Ora, con l’operazione extra territoriale condotta "alla perfezione" secondo gli analisti, l’esercito indiano potrebbe spostare un po’ più in là la linea di demarcazione del necessario, oltre i confini della legalità secondo le leggi internazionali. Ufficialmente, il governo Modi si sta attenendo alla dicitura "operazione lungo il confine con il Myanmar", senza avventurarsi oltre in descrizioni geograficamente più precise. D’altro canto, il colpo inferto ai militanti è stato largamente lodato dai "falchi" dell’esecutivo di New Delhi, descrivendo un’India finalmente "con gli attributi", pronta ad azione di forza che ne tutelino la sicurezza del territorio. E se sono illegali, chi se ne frega.

Il ministry of State del Ministero delle Telecomunicazioni Rajyavardhan Singh Rathore – deputato del Bharatiya Janata Party già medaglia d’argento al tiro al piattello nelle Olimpiadi di Atene 2004 – in una dichiarazione forse avventata, è stato molto chiaro: «Non tollereremo alcun attacco contro l’India e gli indiani. Prenderemo sempre iniziativa, sia questa amichevole o aggressiva, e colpiremo dove e quando decideremo noi». Discorso che, sempre secondo Rathore, varrà non solo per le attività terroristiche sul fronte est, ma anche su quello ovest. Cioè per il Pakistan.
Rathore è evidentemente un ultrà del modismo, tanto da aver coronato la sua valutazione dell’operato delle forze armate indiane con un eloquente tweet traducibile con «L’esercito indiano colpisce al cuore i miliziani. Una decisione importante presa dal forte primo ministro Narendra Modi #56inchrocks». L’hashtag #56inchrocks è particolarmente preoccupante se lanciato da una carica istituzionale: il riferimento è a una frase di Narendra Modi in un comizio  dell’anno scorso in cui l’allora chief minister del Guarat sfidava il leader del Samajwadi Party Mulayam Singh Yadav, usando come leva il suo (di Modi) proverbiale "torace da 56 pollici".

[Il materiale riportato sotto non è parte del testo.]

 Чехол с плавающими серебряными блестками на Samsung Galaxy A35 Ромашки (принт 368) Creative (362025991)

Uno sfoggio di machismo quantomeno inappropriato in politica estera e esclusivamente deleterio nelle strategie militari, come spiega brillantemente Pratap Bhanu Mehta in questo commento su Indian Express.

Rathore, tra l’altro colonnello dell’esercito, ha spiegato ai media che la decisione di inseguire i militanti è stata presa da Narendra Modi in persona, alimentando ulteriormente la fama di Uomo Forte al Potere di cui NaMo gode ampiamente nel paese.

 

Le dichiarzioni di Rathore hanno scatenato diverse polemiche dentro e fuori il paese. Il Congress ha attaccato la dichiarazione «irresponsabile» del colonnello, mentre anche negli ambienti del Bjp l’entusiasmo bellico di Rathore ha portato diversi imbarazzi interni. Narendra Modi, saggio come al solito, su tutta la faccenda non ha detto ancora una virgola (e non la dirà).

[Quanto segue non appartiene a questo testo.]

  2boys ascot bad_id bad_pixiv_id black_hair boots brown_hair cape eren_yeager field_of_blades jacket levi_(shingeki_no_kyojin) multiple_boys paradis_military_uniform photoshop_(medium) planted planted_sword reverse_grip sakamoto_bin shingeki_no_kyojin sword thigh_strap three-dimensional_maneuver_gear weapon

Nel frattempo in Myanmar il presidente Thein Sein ha provato a contenere il danno d’immagine di un capo di stato che permette senza battere ciglio a un esercito straniero di fare quello che gli pare a casa sua, mandando il suo portavoce a chiarire che l’operazione è stata condotta in collaborazione con l’esercito birmano (non è chiaro se a livello di intelligence o materialmente con soldati sul campo) e, soprattutto, all’interno dei confini indiani. Una realtà parallela ampiamente smentita dalle informazioni fatte filtrare, probabilmente a bella posta, dal governo federale di New Delhi.

Anche in Pakistan la reazione non si è fatta attendere. Il parlamento di Islamabad ha passato all’unanimità una risoluzione di condanna contro le «aperture ostili» dell’India, facendo muso duro a tutela della propria (poca) credibilità.

Insomma, nel gioco delle parti della geopolitica, tra smargiassate da spogliatoio e dichiarazioni obbligate, rimane l’ombra di un’India decisamente più propensa al pugno di ferro contro il terrorismo interno e oltreconfine.

Uno Stato-Rambo che galvanizza gli ultranazionalisti indiani ma che, se non affiancato almeno da un uguale interventismo diplomatico per risolvere i conflitti, rischia di alzare la tensione in aree già bollenti.